▸ **Required work**
The result should be all the records, exact and complete, without a single picture.

▸ **Items from a data source**
*****

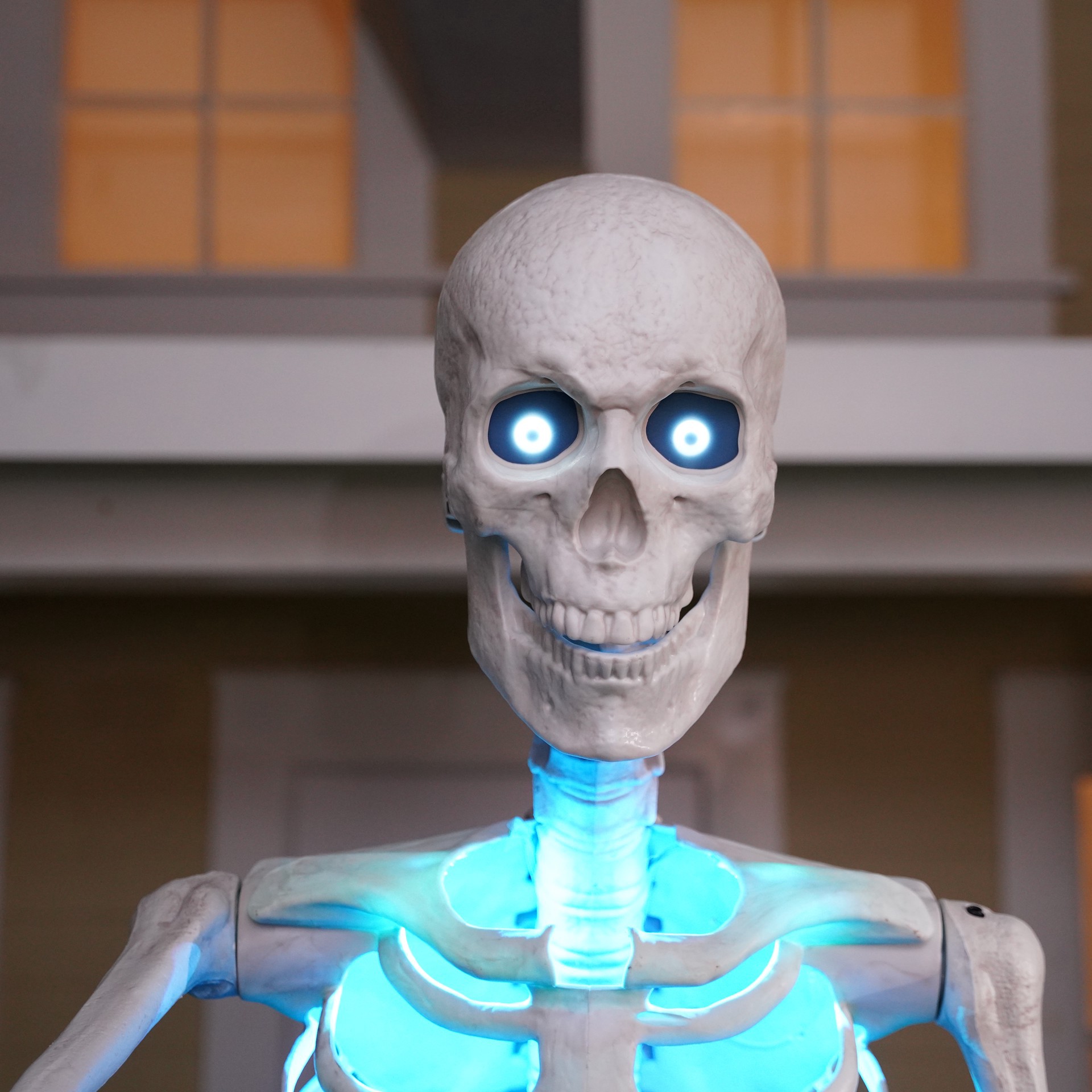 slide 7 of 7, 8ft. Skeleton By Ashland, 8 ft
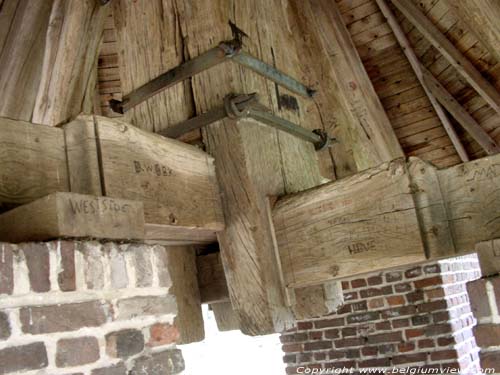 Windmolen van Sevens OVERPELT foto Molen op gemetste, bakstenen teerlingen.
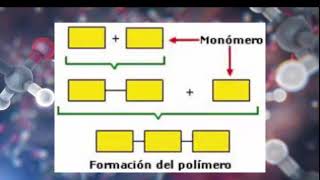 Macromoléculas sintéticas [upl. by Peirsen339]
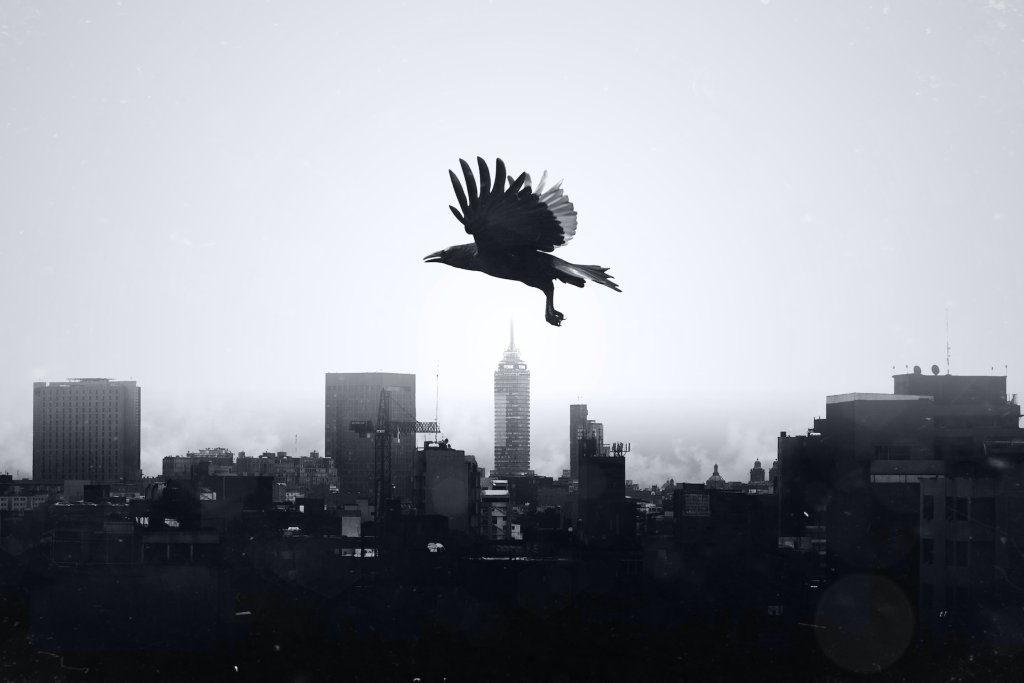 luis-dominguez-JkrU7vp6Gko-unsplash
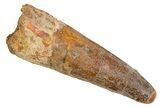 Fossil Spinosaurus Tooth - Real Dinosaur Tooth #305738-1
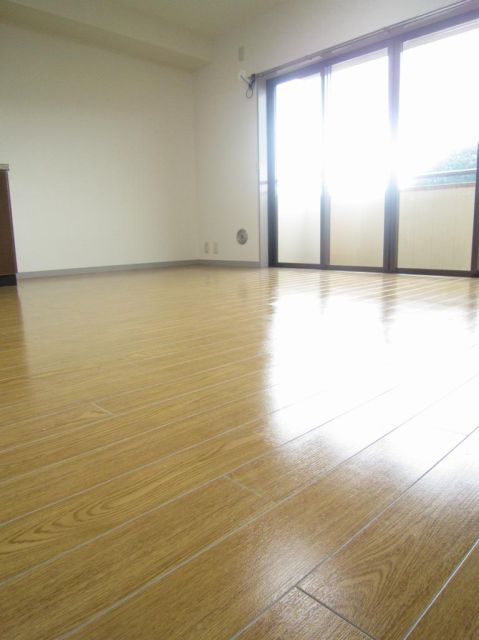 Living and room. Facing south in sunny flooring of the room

*****

▸ **Result of this task**
 slide 7 of 7, 8ft. Skeleton By Ashland, 8 ft
 Windmolen van Sevens OVERPELT foto Molen op gemetste, bakstenen teerlingen.
 Macromoléculas sintéticas [upl. by Peirsen339]
 luis-dominguez-JkrU7vp6Gko-unsplash
 Fossil Spinosaurus Tooth - Real Dinosaur Tooth #305738-1
 Living and room. Facing south in sunny flooring of the room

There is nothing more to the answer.